In a statement released by PS Sing’Oei, the discussions focused on positioning the SGR as a key pillar in Kenya’s economic transformation and regional integration.
Kenya is intensifying its diplomatic and economic engagement with China as part of a broader strategy to revitalize the Standard Gauge Railway (SGR) and unlock new trade and investment opportunities along its corridor.
This renewed commitment was highlighted during a high-level Joint Technical Team (JTT) meeting held on Saturday, August 2, 2025.
The Kenyan delegation, led by Foreign Affairs Principal Secretary Korir Sing’Oei, included senior government officials from national and county governments, as well as key players from the private sector.
In a statement released by PS Sing’Oei, the discussions focused on positioning the SGR as a key pillar in Kenya’s economic transformation and regional integration.
The delegation explored how to leverage the railway line to attract investment, boost local manufacturing, and create sustainable employment across counties along the route.
“The meeting, held aboard the SGR train from Nairobi to Naivasha, brought together senior officials from the Chinese Embassy, Kenyan ministries, county governments, and business leaders to evaluate how the railway can better serve its purpose as a driver of development,” Sing’Oei said.

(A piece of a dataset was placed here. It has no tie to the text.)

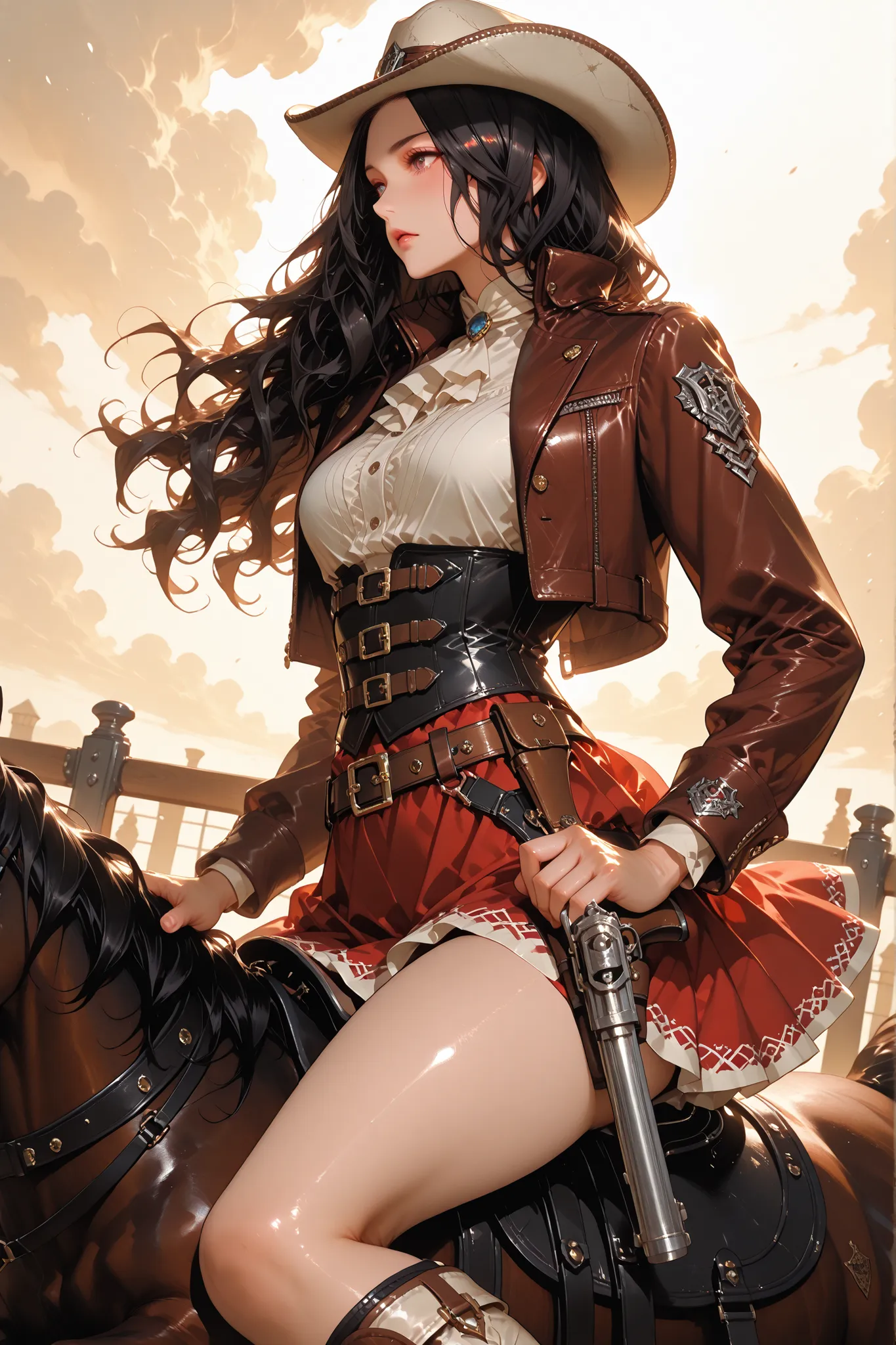 masterpiece, best quality, ultra detailed, 4k, sharp focus, vibrant colours, high contrast, newest, 1 divinely beautiful woman, long wavy hair, wearing a wide-brimmed white cowboy hat, bright red cropped western jacket, grilled white blouse with a high col...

Key topics included the establishment of Special Economic Zones (SEZs), agro-processing clusters, and infrastructure-led industrialization projects along the SGR belt. The aim is to enhance value addition, reduce logistical bottlenecks, and foster cross-border trade.
Participants also toured the Vertical Agro Export Processing Zone (EPZ) facility a major player in Kenya’s horticulture export sector as a model of the potential value chains that could thrive if anchored to efficient rail transport. The company processes and exports fresh and frozen produce to several global markets, including China.
However, the meeting also addressed existing challenges that have hindered full utilization of the SGR. Concerns were raised over the high cost of energy, lack of preferential market access, and bureaucratic inefficiencies that discourage private sector uptake.
Among those present were Chinese Ambassador Guo Haiyan; Trade PS Regina Ombam; Nakuru Governor Susan Kihika; Deputy Governors Tamalinye Koeach (Narok) and Martin Moshisho (Kajiado); Kenya Railways Managing Director Phillip Mainga; KenInvest CEO John Mwendwa; China-Africa Development Fund representative Zhang Yadan; and Yu Xiaodong, Chair of the Kenya-China Business Community.
The renewed technical collaboration comes in the wake of President William Ruto’s successful state visit to China, during which he secured a new financing framework to extend the SGR from Nakuru to Kisumu.
The long-awaited deal signals a breakthrough for the Lake Region, with Phase 2B of the railway expected to eventually reach Malaba, linking Kenya to Uganda and enhancing regional trade flows across East Africa.
The Kenya-China partnership around SGR reflects Nairobi’s broader ambition to reposition the railway as a modern infrastructure backbone capable of supporting industrial growth, easing logistics, and cementing its role in the Belt and Road framework.